Nommé à la tête des Affaires étrangères le 6 mars, il a secoué en dix petites semaines une diplomatie égyptienne déclinante et sous influence américaine. Première grande victoire : la signature, le 4 mai, d’un accord de réconciliation entre le Fatah et le Hamas palestiniens. Il n’hésite pas ensuite à tendre la main à Téhéran, avec qui Le Caire n’a plus de relations diplomatiques depuis 1980. Une initiative audacieuse qui suscite l’inquiétude à Washington et à Tel-Aviv.

Trop loin et trop vite ?

Certains estiment alors qu’il va trop loin et trop vite.
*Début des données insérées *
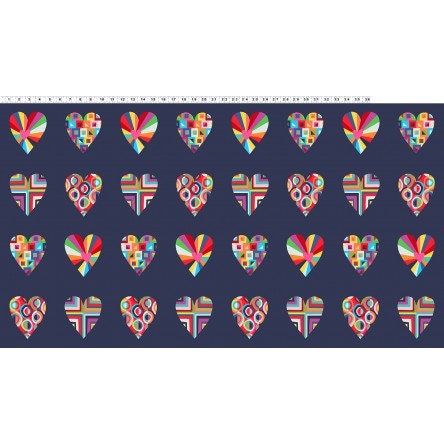 Happy by Katie Webb Patchwork Hearts Navy Y2876-53 Cotton Woven Fabric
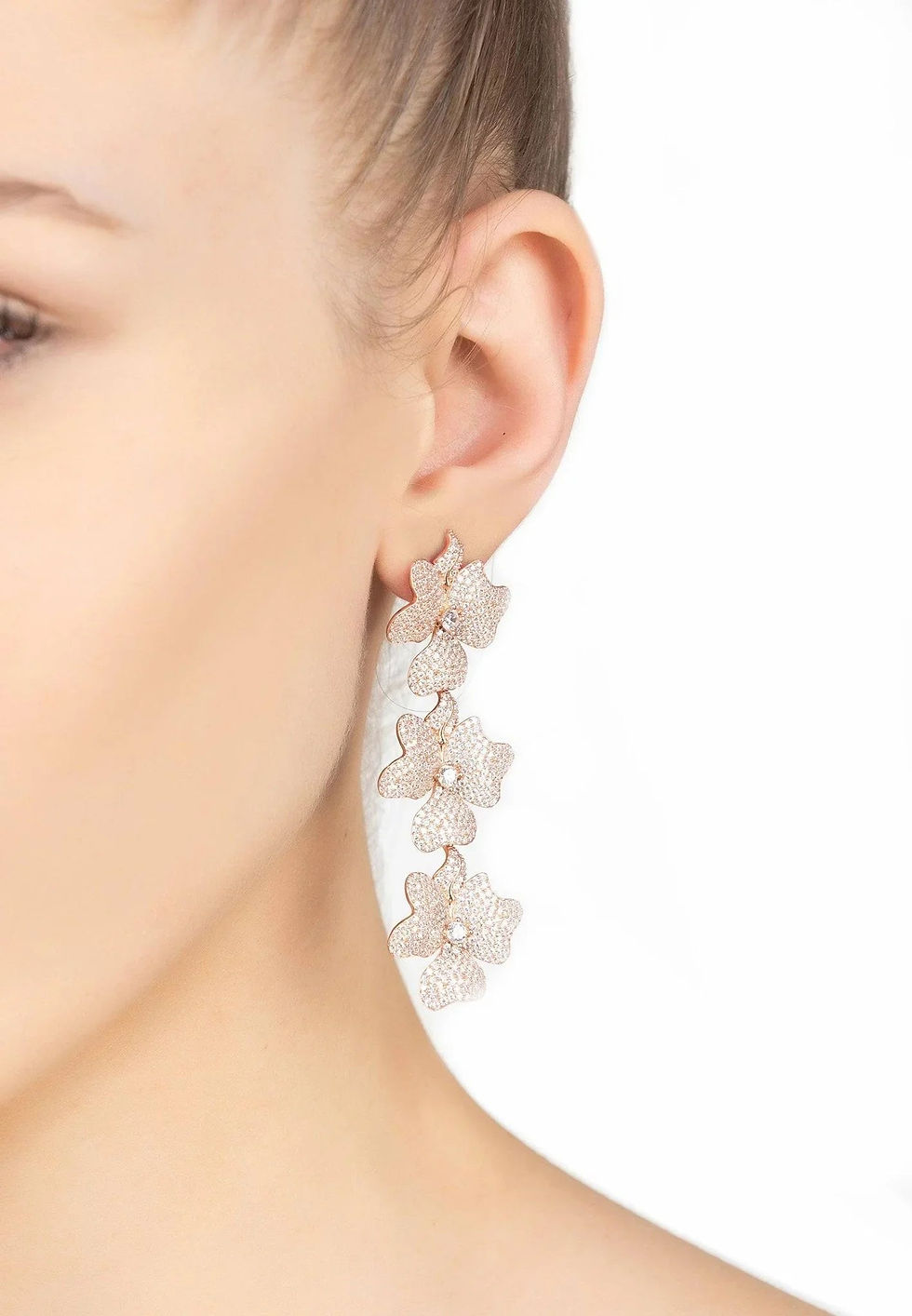 Thumbnail: Latelita Jasmine Flower Triple CZ (S) Drop Earrings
Selon Khaled Saad Zaghloul, du quotidien Al-Ahram, « sa nomination à la Ligue arabe permet de l’éloigner. En période de reconstruction, on a préféré le mettre “au frigo” ». À l’instar de son prédécesseur, Amr Moussa, envoyé à la Ligue en 2001 pour ne plus faire d’ombre à Moubarak. Mais Moussa est aujourd’hui le candidat le mieux placé pour la présidentielle de septembre : tout n’est donc pas perdu pour Arabi sur le plan national. D’autant que celui-ci n’a pas postulé à la Ligue. C’est un candidat proche de Moubarak, Moustapha al-Fiqi, qui était initialement présenté par l’Égypte. Mais, devant les réticences de plusieurs pays et la candidature épouvantail du Qatari Abderrahmane al-Attiya, Arabi a été appelé à la rescousse. Une solution qui permet à ceux qui l’ont convaincu (les militaires ? le gouvernement ? les États-Unis ?) de faire d’une pierre deux coups. Cette fois encore, le secrétaire général de la Ligue sera égyptien.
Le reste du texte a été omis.